There is a discussion that’s just beginning about whether that money can be pushed toward affordable housing, because there’s a major lack of affordable housing in Galveston. Short-term rentals have grown so quickly, so dramatically over the past year or so that it’s been hard to actually get them to stop and say, “Hey, this is also a problem. Should we change it?” People are kind of reveling in the cash flow, and I think it’s going to take a few years and maybe even a more inequity for people to take a step back and say, “Hey, we need to fix this.”

Galveston has also traditionally been a middle class haven. So this is all harder, I think, on folks there than it would be in a place like Austin, where you have a lot of tech money and people can adapt more easily to the housing surge.

Galveston is where the original Juneteenth celebration happened. It has a really significant history for Black Texans. But it’s lost more than 40 percent of its Black residents over the past 20 years. I was wondering if you talked to anybody on the island who was frustrated by that.

People are really frustrated because one of Galveston’s claims to fame, if you will, is the sense that it was this egalitarian, racially diverse haven for Texans, and losing 40 percent of the Black population over the past two decades is devastating. It changes the culture of the island, and it changes the historical legacy: With more investment and more outsiders, it’s becoming an older, whiter population.

Galveston sits on the Gulf of Mexico. That’s part of the town’s charm—it’s got a beach—but it’s also right in the path of high-intensity storms. One thing you heard is that when people started getting priced off the island, Galveston lost this cadre of locals who knew how to weather a bad storm and what to do when it passed.

One woman I spoke with moved to Galveston from Idaho, and she realized that the island had this kind of routine where, after a big storm, people would go out onto the streets and clean up shingles, pick up trees, look for downed power lines, and check on their neighbors. There was a storm last month, and this woman realized that she didn’t even know her neighbors anymore. There was no one to check on the houses she normally would check on—they used to be full of families and were all short-term rentals now. What really struck her was that she no longer had a community, and she no longer necessarily felt safe or taken care of.
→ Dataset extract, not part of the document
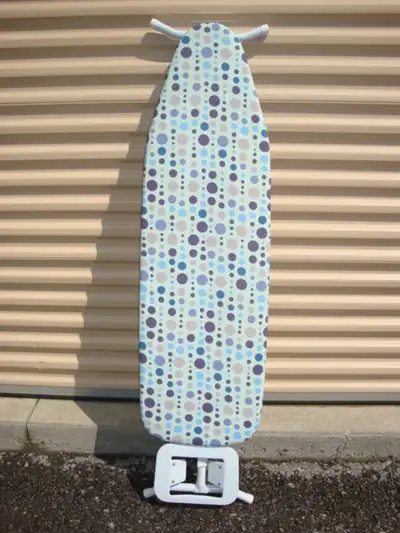 LARGE IRONING BOARD. COMPLETE WITH IRON HOLDER AND COVER. PLEASE ALSO CLICK AT BOTTOM LEFT OF AD - U...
Do people in Galveston see a connection between storms and gentrification?

They absolutely do. I think there’s a real sense that if even our firefighters can’t live here, what are we going to do when the island is inundated with flooding? You can end up with older folks and vulnerable residents who are trapped there. There is a very real possibility of a storm hitting Galveston and people not having first responders there to help them.

In 2008, Hurricane Ike wiped out the island entirely. It destroyed 60 percent of the island’s public housing, and that was one of the first changes that ushered in this new era on the island: You lost public housing and it was replaced by upscale housing and housing that has since become short-term rentals, so there’s a connection between hurricanes and affordability that continues to this day.

I think what it really comes down to is storm insurance. People who can afford expensive storm insurance will always have the ability to rebuild, and people who can’t afford storm insurance find themselves at a real loss. That makes it less likely for people to come back to the island because if you can’t afford the insurance and another hurricane is going to come in a decade, why would you invest there?

What are some of the proposed remedies?

Some of the remedies look similar to what New Orleans has done with its short-term rental market: placing caps on the number of rentals in some neighborhoods and outright banning short-term rentals in other neighborhoods. The city realized it was losing its culture and its history to the Airbnbs of the world. It took really decisive action, and from what I understand, that’s already helped quite a bit.